Le système de classes dans ce monde était abrupt, et Moore était un chevalier de haut rang chargé de commander une forteresse. Normalement, personne n’aurait eu le courage de se mettre en travers du chemin d’une personne d’un rang aussi élevé. Mais vu la situation, l’aide n’avait pas l’intention de punir ces soldats. Ils étaient pourtant un bon exemple pour rétablir l’ordre.
« De quelle unité venez-vous ? Déclarez vos noms ! »
Le mur de soldats s’était écarté, et un homme s’était avancé. Sentant que quelque chose n’allait pas à la démarche posée de l’homme, l’aide haussa la voix et s’avança.
« Enlevez votre casque ! Montrez-moi votre visage ! »
L’assistant s’était approché de l’homme à pas pressés, avec l’intention d’arracher le casque de sa tête. Mais alors qu’il regardait tout cela, Moore était envahi par un étrange sentiment de prémonition.
« Attendez ! Éloignez-vous d’eux ! », cria Moore.
« Huh ? », dit l’aide en se retournant.
Le cri de Moore résonna dans la forteresse, et l’instant d’après, quelque chose de froid poignarda l’estomac de l’aide.
« Ah… Ugh… Ngh ?! »
La chose qui l’avait poignardé quitta son corps, barattant ses entrailles dans le processus. Le goût du sang emplit la gorge de l’aide et un liquide épais s’éleva de son estomac tandis qu’il basculait en arrière.
« P-Pourquoi… ? »
L’aide leva les yeux vers le katana taché de sang se trouvant dans les mains de l’homme qui l’avait poignardé, mais son regard avait rapidement perdu de son intensité. C’était comme si une couche de brume s’était installée sur son champ de vision. La lumière disparut de ses yeux, et il expira. Il expira sans savoir, même à la toute fin, pourquoi il devait mourir.

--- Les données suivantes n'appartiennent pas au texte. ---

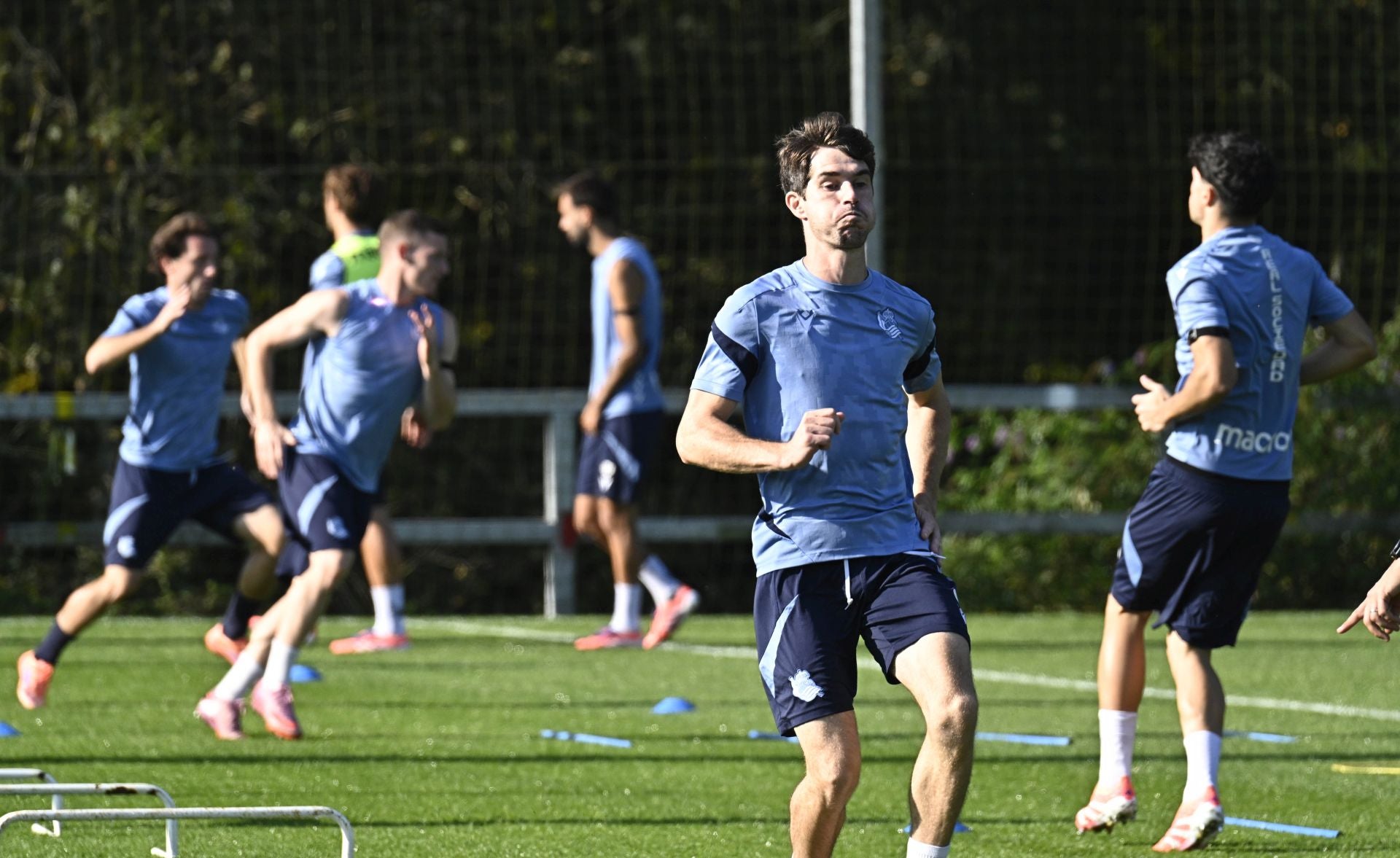 Reagrupamiento a dos días de otra final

« Alors c’est ce qui s’est passé… Tu es l’un des laquais de Xarooda, hein ? », dit Moore, sur quoi tous les soldats derrière lui dégainèrent leurs armes en même temps.
Les hommes étaient abasourdis par ce qui s’était passé, mais la déclaration de Moore les ramena à la réalité.

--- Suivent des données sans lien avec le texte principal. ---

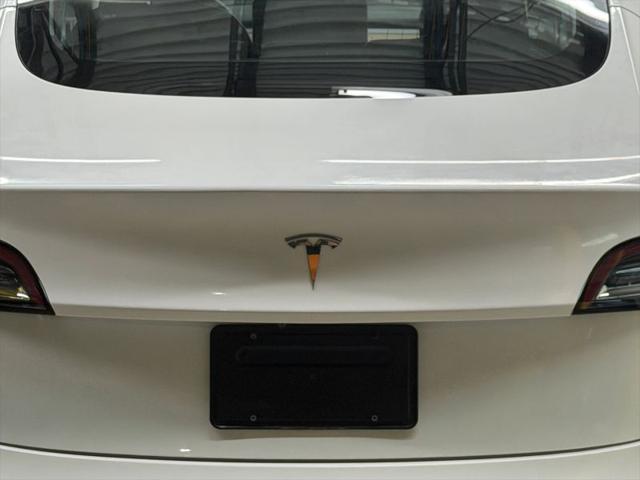2021 Tesla Model 3 Standard Range Plus Rear-Wheel Drive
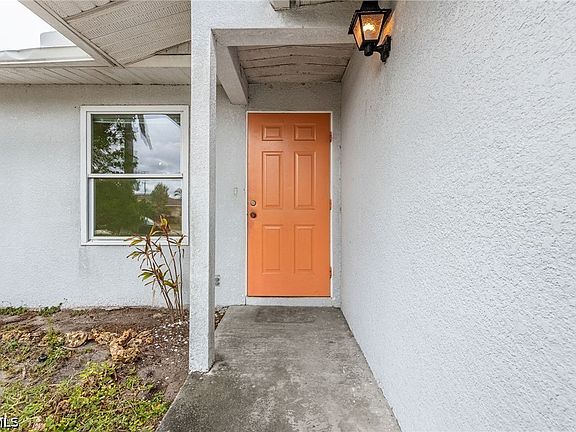 5th image of 1333 SW 5th Pl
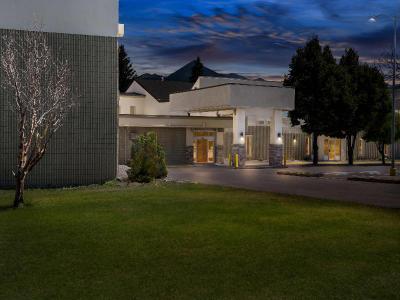 Yellowstone Park Inn & Suites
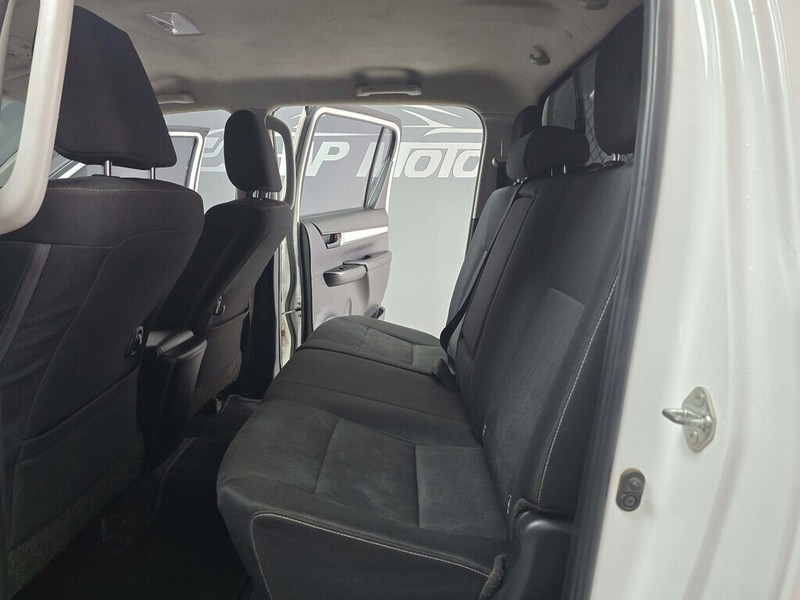 Toyota Hilux - WP Motors - Image 17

« Donne-moi ton nom… », demanda Moore d’une voix froide et glaciale.
Une soif de sang tranchante et mortelle émana du corps de Moore.

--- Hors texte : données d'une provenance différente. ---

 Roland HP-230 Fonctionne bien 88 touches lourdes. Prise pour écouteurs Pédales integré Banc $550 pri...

« Bien sûr, pourquoi pas ? » dit l’homme en enlevant son casque.
Le visage caché derrière le casque était celui d’un jeune homme agréable. On ne pouvait pas dire qu’il n’était pas attirant, mais cela dépendait probablement des goûts de chacun. Mais cet homme avait quelque chose d’intense qui semblait attirer les gens.
« Je ne crois pas que nous nous soyons déjà rencontrés ? Je suis Ryoma Mikoshiba, le gouverneur de la péninsule de Wortenia dans le Royaume de Rhoadseria. C’est un plaisir de faire votre connaissance. »
Il considéra Moore avec un sourire lumineux, insouciant et ensoleillé, et inclina la tête comme s’il ne faisait pas face à un ennemi. Mais ce sourire amical et doux ne fit que terrifier Moore. C’était comme si Ryoma était un monstre Inconnu ayant pris forme humaine.